Start of Block

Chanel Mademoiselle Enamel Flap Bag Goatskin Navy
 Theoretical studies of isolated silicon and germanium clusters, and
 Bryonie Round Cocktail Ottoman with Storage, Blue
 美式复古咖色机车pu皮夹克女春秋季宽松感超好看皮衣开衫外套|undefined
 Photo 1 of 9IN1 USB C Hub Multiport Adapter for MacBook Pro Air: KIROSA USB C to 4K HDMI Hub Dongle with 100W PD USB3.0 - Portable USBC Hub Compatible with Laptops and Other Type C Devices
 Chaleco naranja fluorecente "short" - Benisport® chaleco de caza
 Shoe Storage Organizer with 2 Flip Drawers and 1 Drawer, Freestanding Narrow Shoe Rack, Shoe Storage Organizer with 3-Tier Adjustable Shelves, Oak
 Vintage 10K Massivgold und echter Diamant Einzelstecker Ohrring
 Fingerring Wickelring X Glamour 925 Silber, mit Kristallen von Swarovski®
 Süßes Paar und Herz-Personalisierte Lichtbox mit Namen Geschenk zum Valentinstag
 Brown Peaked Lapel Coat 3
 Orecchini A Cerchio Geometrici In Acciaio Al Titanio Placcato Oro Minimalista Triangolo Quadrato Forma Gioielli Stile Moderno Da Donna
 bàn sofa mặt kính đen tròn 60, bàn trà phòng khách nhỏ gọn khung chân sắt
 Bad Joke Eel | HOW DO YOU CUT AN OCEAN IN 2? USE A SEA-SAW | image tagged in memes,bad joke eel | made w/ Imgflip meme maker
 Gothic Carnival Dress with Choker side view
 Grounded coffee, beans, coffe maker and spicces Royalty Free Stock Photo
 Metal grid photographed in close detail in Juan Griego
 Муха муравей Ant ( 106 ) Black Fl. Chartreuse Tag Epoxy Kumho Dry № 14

End of Block

Exercise details: Return every line of the material exactly.

Output:
Chanel Mademoiselle Enamel Flap Bag Goatskin Navy
 Theoretical studies of isolated silicon and germanium clusters, and
 Bryonie Round Cocktail Ottoman with Storage, Blue
 美式复古咖色机车pu皮夹克女春秋季宽松感超好看皮衣开衫外套|undefined
 Photo 1 of 9IN1 USB C Hub Multiport Adapter for MacBook Pro Air: KIROSA USB C to 4K HDMI Hub Dongle with 100W PD USB3.0 - Portable USBC Hub Compatible with Laptops and Other Type C Devices
 Chaleco naranja fluorecente "short" - Benisport® chaleco de caza
 Shoe Storage Organizer with 2 Flip Drawers and 1 Drawer, Freestanding Narrow Shoe Rack, Shoe Storage Organizer with 3-Tier Adjustable Shelves, Oak
 Vintage 10K Massivgold und echter Diamant Einzelstecker Ohrring
 Fingerring Wickelring X Glamour 925 Silber, mit Kristallen von Swarovski®
 Süßes Paar und Herz-Personalisierte Lichtbox mit Namen Geschenk zum Valentinstag
 Brown Peaked Lapel Coat 3
 Orecchini A Cerchio Geometrici In Acciaio Al Titanio Placcato Oro Minimalista Triangolo Quadrato Forma Gioielli Stile Moderno Da Donna
 bàn sofa mặt kính đen tròn 60, bàn trà phòng khách nhỏ gọn khung chân sắt
 Bad Joke Eel | HOW DO YOU CUT AN OCEAN IN 2? USE A SEA-SAW | image tagged in memes,bad joke eel | made w/ Imgflip meme maker
 Gothic Carnival Dress with Choker side view
 Grounded coffee, beans, coffe maker and spicces Royalty Free Stock Photo
 Metal grid photographed in close detail in Juan Griego
 Муха муравей Ant ( 106 ) Black Fl. Chartreuse Tag Epoxy Kumho Dry № 14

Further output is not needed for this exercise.